---------- MATERIAL SUPPLIED

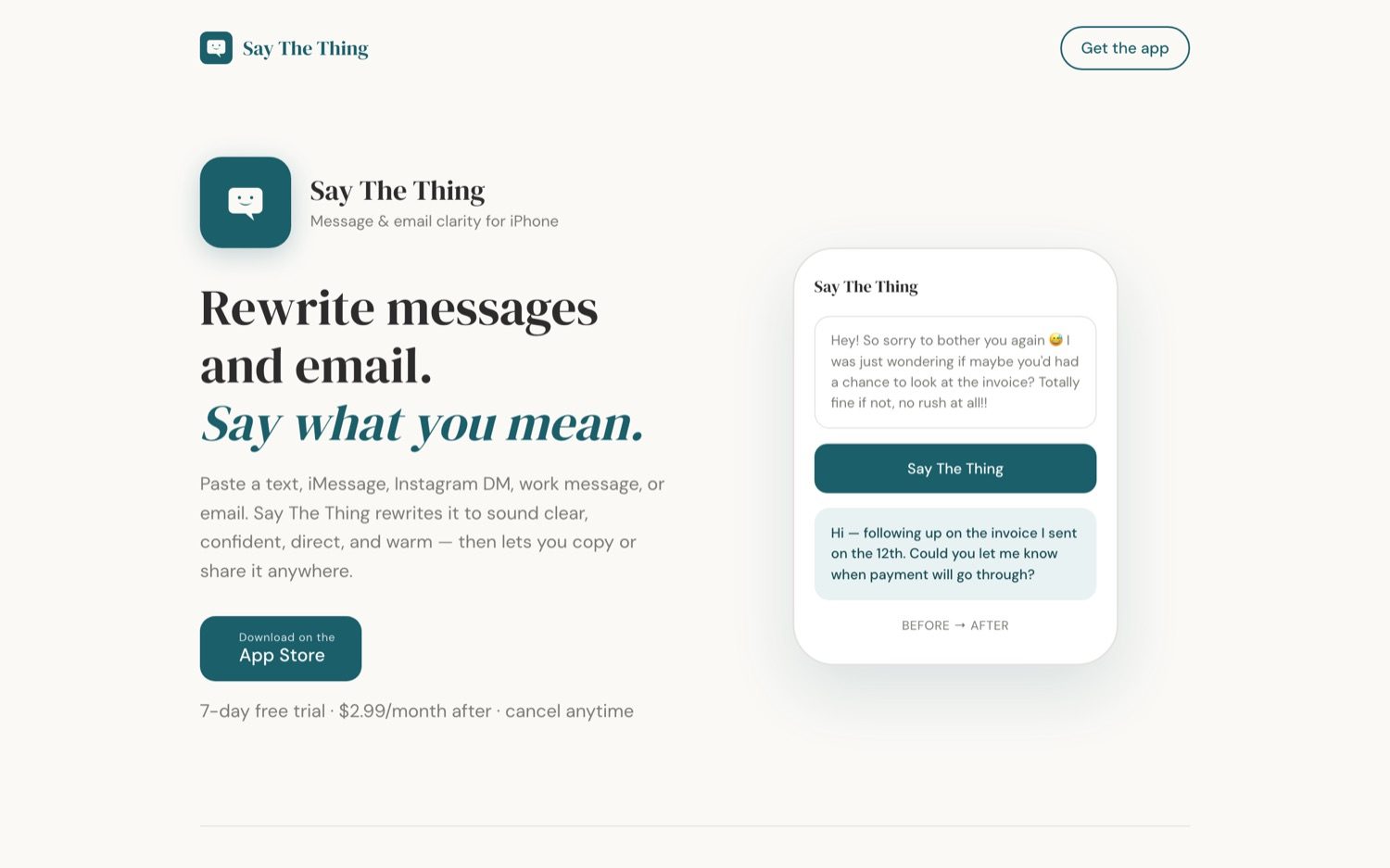 Say The Thing — rewrite messages and email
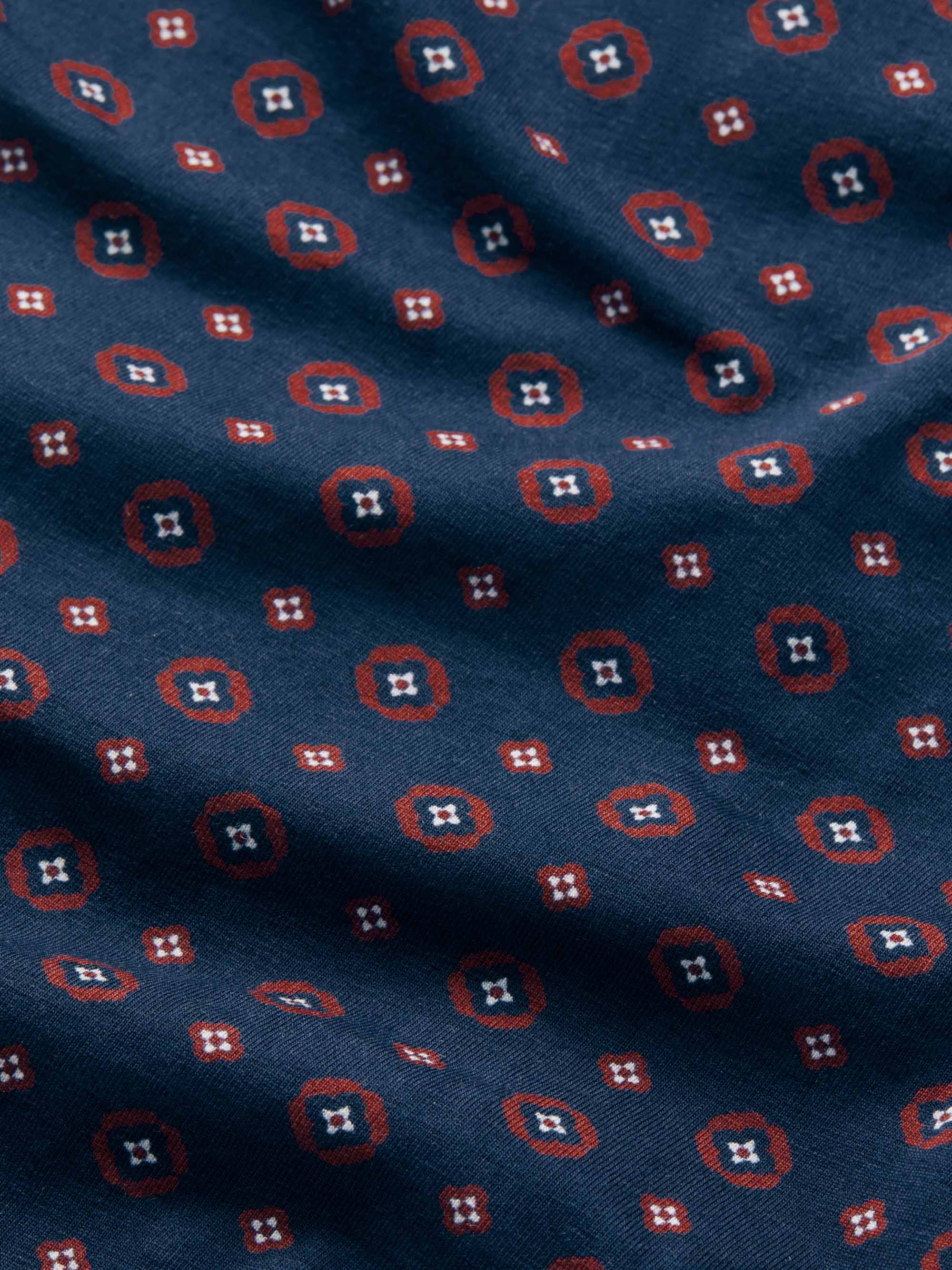 Men's Nightshirt Cotton Batiste Navy Blue Rose Motif - Image 6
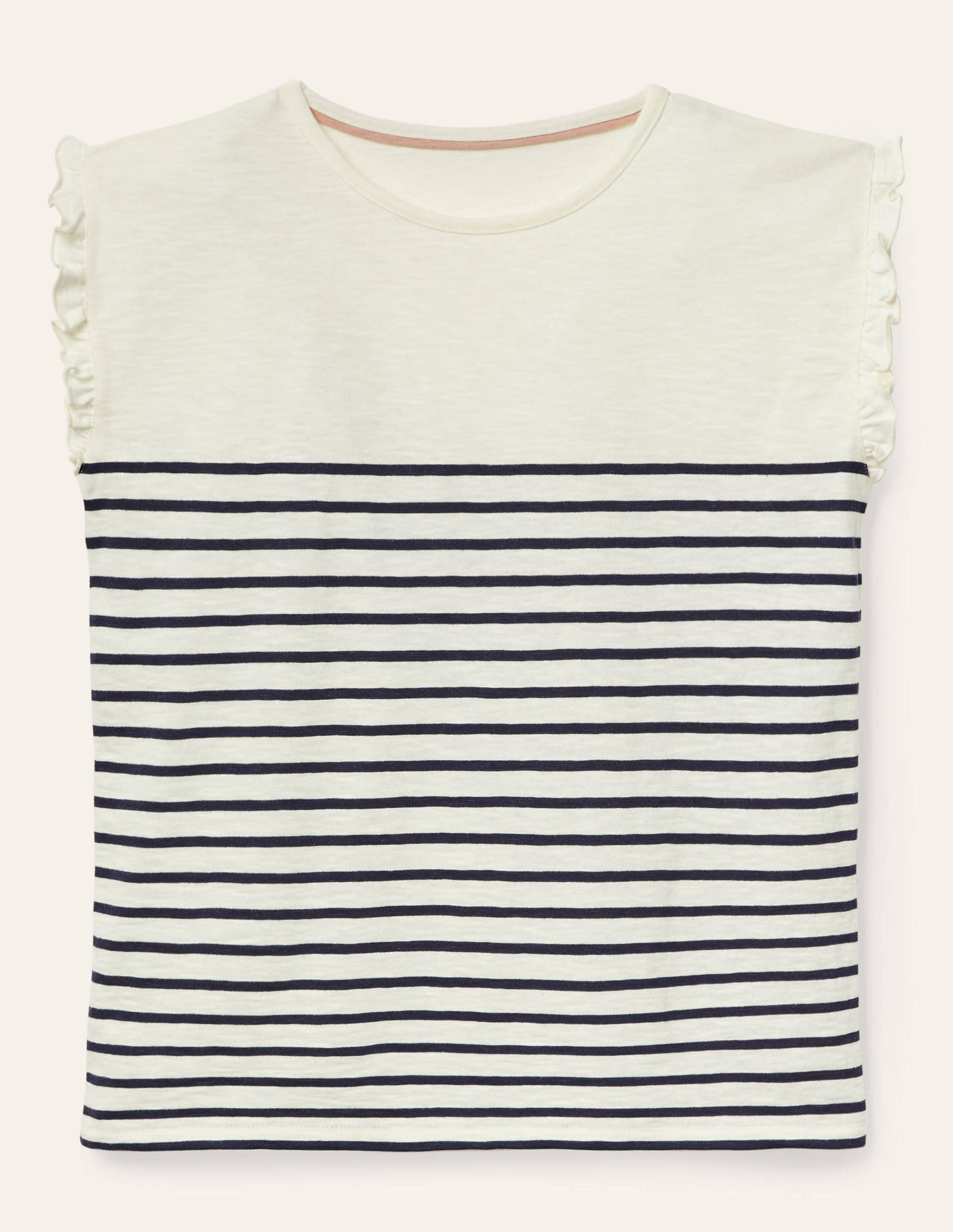 Faye Jersey Top-Ivory/ Navy - Image 5
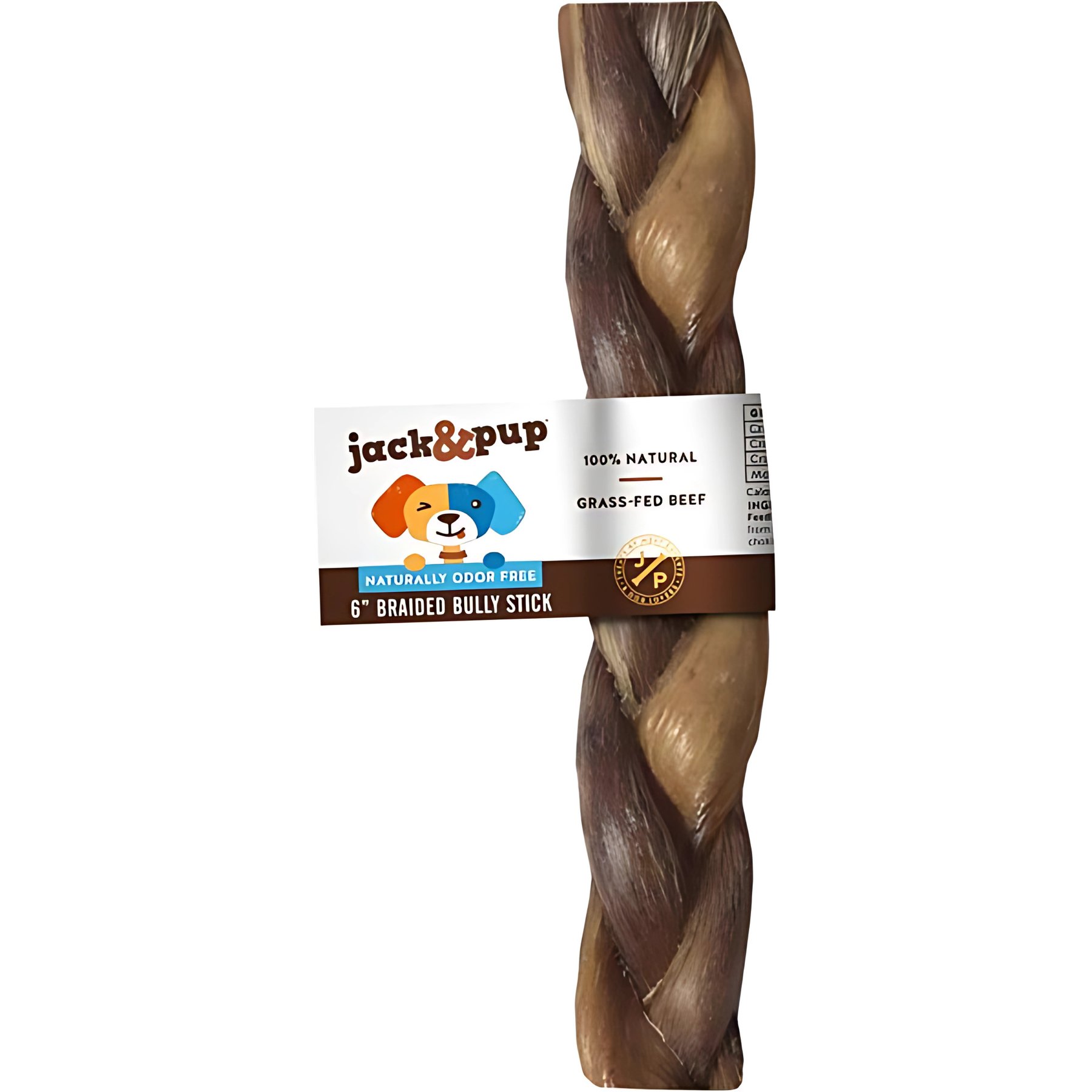 Jack & Pup Odor Free 6" Braided Beef Bully Stick, 1 count
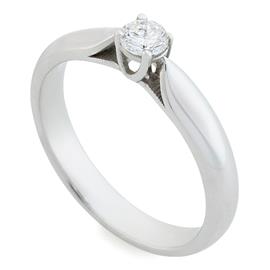 Помолвочное кольцо с 1 бриллиантом 0,17 ct 2/5 белое золото 585°, артикул R-R0021W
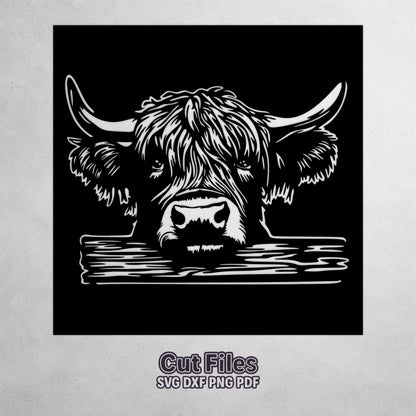 Highland cow SVG DXF laser cut design for garden fence, farm gate and decorative metal panel.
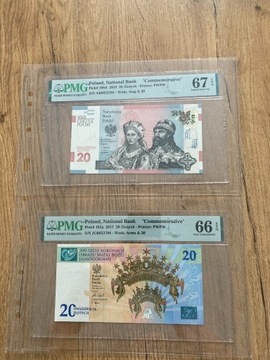 2 sztuki banknotów NBP PMG 67 i 66 - ten sam numer
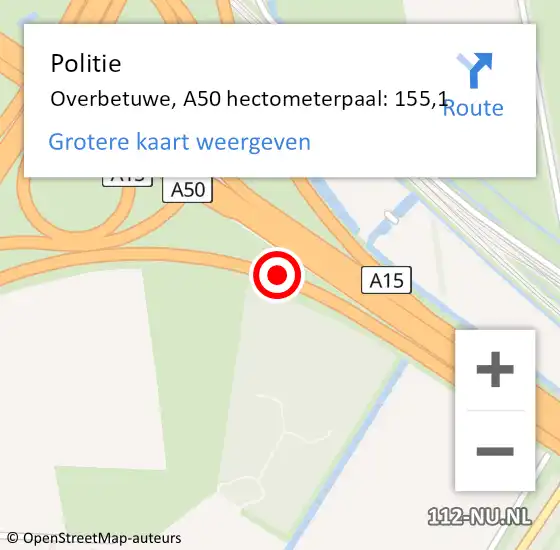 Locatie op kaart van de 112 melding: Politie Overbetuwe, A50 hectometerpaal: 155,1 op 3 oktober 2024 03:28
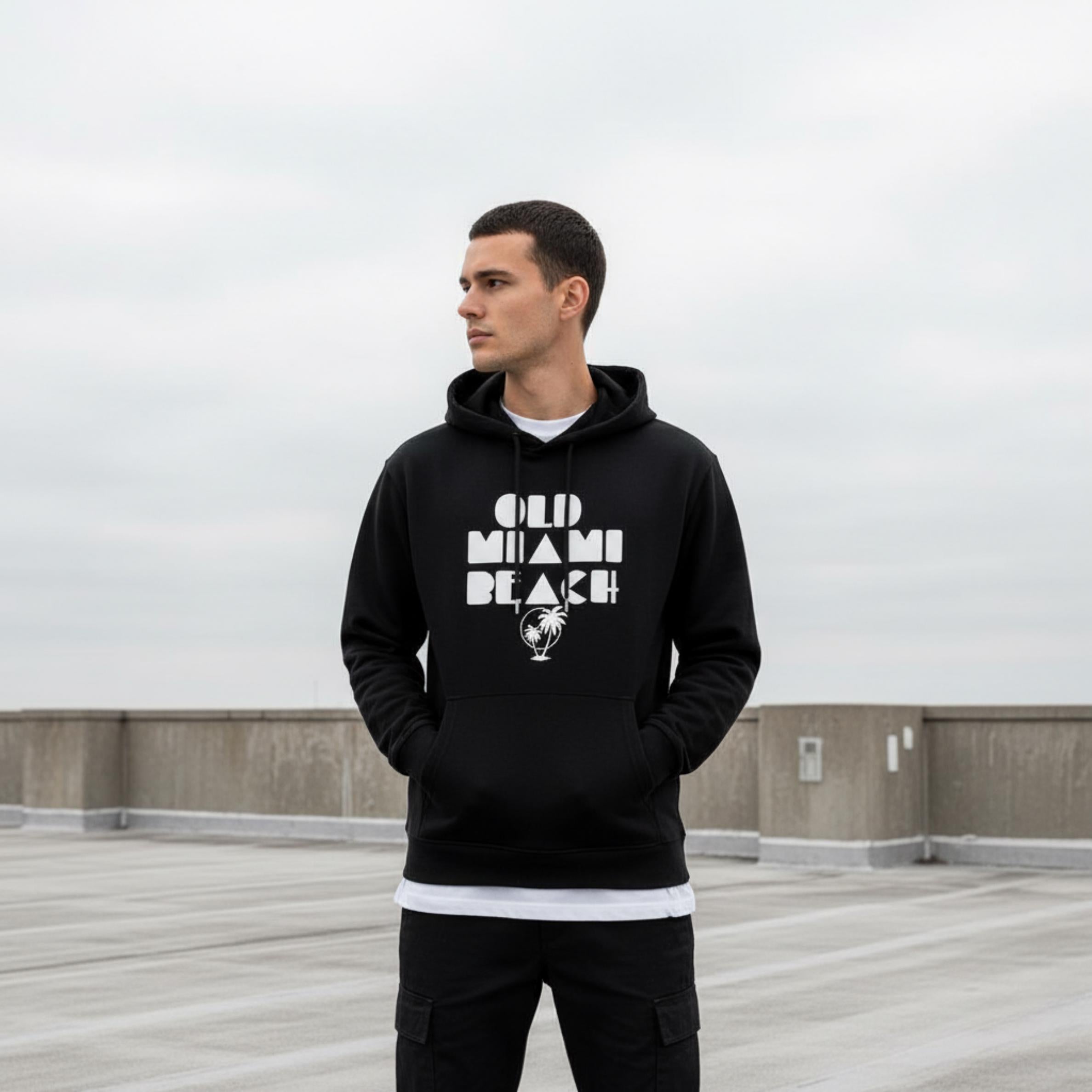 Old Miami Beach Hoodie | 70s Cotton Coastal Sweatshirt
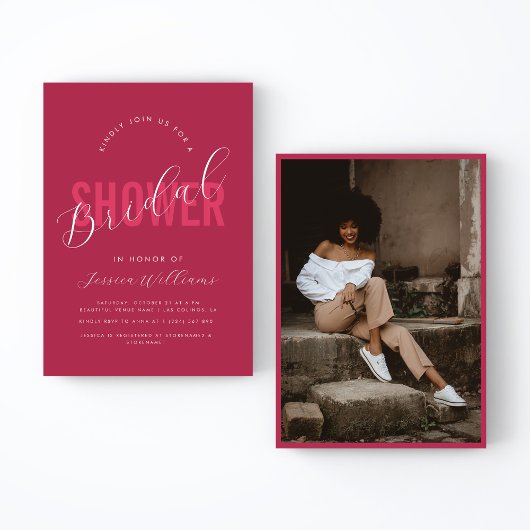 Invitation Viva Magenta Pink Bold Script Fête des mariées pho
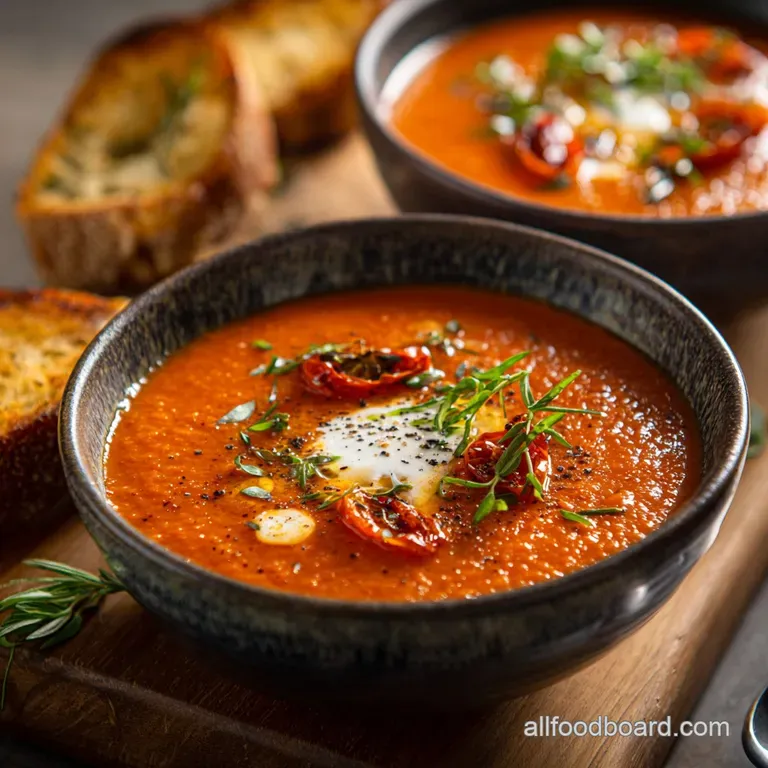 The Sunday Roast Tomato Soup Rich Velvety presentation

--------------------

REQUIREMENT
Retyped exactly, the lines from the one holding "Помолвочное кольцо с" through the last line of the data above are the whole answer. Pictures stay out.

EXERCISE ANSWER
 Помолвочное кольцо с 1 бриллиантом 0,17 ct 2/5 белое золото 585°, артикул R-R0021W
 Highland cow SVG DXF laser cut design for garden fence, farm gate and decorative metal panel.
 2 sztuki banknotów NBP PMG 67 i 66 - ten sam numer
 Locatie op kaart van de 112 melding: Politie Overbetuwe, A50 hectometerpaal: 155,1 op 3 oktober 2024 03:28
 Old Miami Beach Hoodie | 70s Cotton Coastal Sweatshirt
 Invitation Viva Magenta Pink Bold Script Fête des mariées pho
 The Sunday Roast Tomato Soup Rich Velvety presentation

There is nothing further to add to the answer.